Societies and economies have valued gold throughout the centuries. A sign of power and wealth, and people continue to hold it for various reasons today.
Gold is the precious metal we turn to when other currencies don’t work. For many, it acts as insurance against hard times.
But does this mean it’s a good idea to buy gold? And, the bigger question is, should investors who take an evidence-based approach to their portfolio consider buying it at all?
It’s no secret that gold has a rich history and is thought to be valuable. Coins containing gold first appeared around 550BC, and pure gold coins were struck 100 years later. And treasures containing gold date back as early as 4000BC.
Gold gained its foothold in contemporary finance in the late 1800s, when many nations adopted the gold standard and fixed the value of their currency to the price of gold. Many countries dropped and readopted the gold standard until 1971, when it was replaced by free-floating fiat currencies.
In the years following the 2008 financial crisis, the price of gold rose from around £15 a gram to £30 a gram. This was in response to (QE) being adopted by central banks.
This increase in value follows the logic that QE creates inflation, and gold prices generally rise alongside inflation.
Due to enforced lockdowns around the world, Covid-19 and the global recession triggered a rush for insurance against the financial turmoil.
In August 2020, the price of gold rose above $2,000 an ounce for the first time in history.
Since then, the price has slipped back and, at the time of writing, gold is currently valued at $1,305 an ounce.
Compared with holding cash, gold can be a good option. If you had £50 of gold in 1980, and £50 in paper money, during the intervening 40 years the gold has increased in value, but your £50 note has not. And your £50 could not buy as much as it would have in the 1980s.
Rising inflation rates often drive an increase in the price of gold. Some investors might decide to buy gold as a hedging asset if they are losing money.
Gold is a scarce resource. Over time, it has maintained its value and has proven to be a useful insurance during uncertain financial climates.
Unlike currencies, gold isn’t directly affected by interest rate decisions and can’t be printed to control supply and demand. This makes some investors feel that gold is a safe haven.
If you buy a few grams of gold today, in years to come, you’ll still own the same few grams. While the price may have risen if you’re fortunate, it won’t have produced anything.
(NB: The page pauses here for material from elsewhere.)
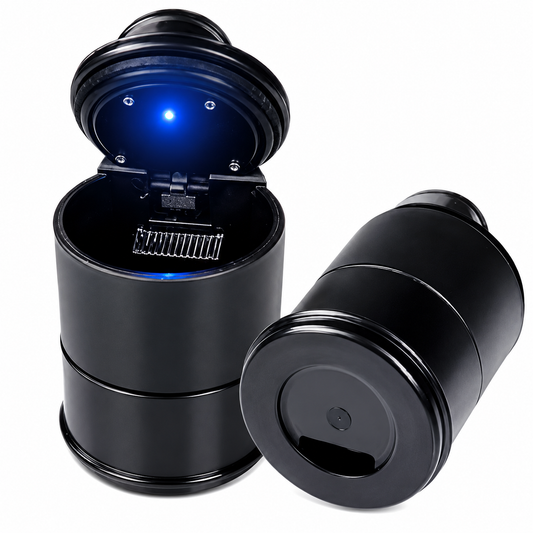 Cenicero con Luz LED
If you invest in company shares, the companies you invest in produce stuff with value. Over time, your investment in a sound company or good investment fund will grow as the company stock price increases.
Gold has the volatility of stocks, but the returns are similar to what you’d see in bonds or treasury bills or government bonds. There is no upside to this equation for a serious investor. If you’re going to have volatility, you’re more likely to see better returns by investing in equity markets.
Unlike equity investments, which you can spread over different industries and regions, the only way to limit the impact of a fall in the price of gold on your portfolio’s value is to limit the amount of gold you hold in it.
Long-term returns are terrible
When the price of gold goes up, it gets a lot of attention. But, over the long term, the value of gold doesn’t really go up that much. Indeed, it can go for long periods generating no return.
Like you, we’re interested in wealth creation. The investment approach we take at First Wealth provides portfolios built with thought, structure, and discipline.
While gold can serve a useful purpose for some investors, we believe your money can work harder for you elsewhere. The price of gold can stay virtually static for long periods of time – sometimes decades – without generating any returns.